I verified with cgc 3.1.0013 (profile gp5fp) and the break appears in the generated code. The loop is not unrolled. I tried a variety of pragma unroll, etc. as well as replacing the break by a continue and other tricks but without success.

Has anyone seen a similar issue? Any ideas?


Some more info:

I have an atomic operation in the body of the loop (atomicCompSwap). If I remove it for an (incorrectly non-atomic) equivalent, then the loop behaves as expected.

This looks very much like the atomic is forcing a loop unrolling. Any reason for that?

Edit: I should also precise that this is using:
#version 420
#extension GL_NV_shader_buffer_load : enable
#extension GL_NV_shader_buffer_store : enable
#extension GL_NV_gpu_shader5 : enable

I still did not find a good solution, but I was at least able to get the normal loop behavior. The trick is to add a useless condition using an atomic in the while statement.
In my case I used:

while ( atomicAdd(u_Table + foo,0) > 0 )

where table contains only '1’s. I use foo to avoid all threads to access the same memory location.

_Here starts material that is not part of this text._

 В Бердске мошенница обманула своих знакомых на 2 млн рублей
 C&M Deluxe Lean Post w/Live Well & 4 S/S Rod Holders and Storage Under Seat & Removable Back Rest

This is really ugly, but if fixes the loop: The penalty I pay for this is much lower than the penalty of the broken loop … (I tried without an atomic, but no luck)

Note that it does not always work depending of the code inside the loop. For instance if I use ‘return’ instead of ‘break’, it stops working properly. So this is really just a hack.

Well, at least I can expect a huge boost in performance when this issue is fixed :-)

Got same issues when used those extensions for global atomic stores. Nevers succeeded to use stores in VS or GS. Seems like FS works only :( It’s always a lil magick to make stores working. For example even Cyril Crassin done some magick in his shader to let A-Buffer sample work with load\store extensions.

How about the imageAtomic* ? Are those better supported ?

(I cannot trivially test because I need an atomicCAS 64 bits … but this may be doable nonetheless)

if its related to atomics (coding custom semaphores) the “break” stuff doesnt work so well in SIMT, need to use a different code structure, see below

int  spin = 10000; // spin counter as safety measure, not required
        bool done = false;
        while (!done && spin-- > 0)
          // try to enter spinlock
          if ( imageAtomicExchange(oitSpinLock, screenPos, uint(1)) == uint(0) )
            // release spinlock
            imageAtomicExchange(oitSpinLock, screenPos, uint(0));
            // leave spinlock
            done = true;
            // NEVER use break here

Sorry it took a long time to answer => Christoph I think you are correct on the issue happening here. I also discussed this problem with Cyril Crassin and he pointed out a modification of the code that solved the problem on Fermi hardware (essentially removing the ‘break’). This gave a huge boost in performance ( basically x2 :) ) so many thanks Cyril!!
Unfortunately the problem remains on Kepler. Let’s see how this evolves.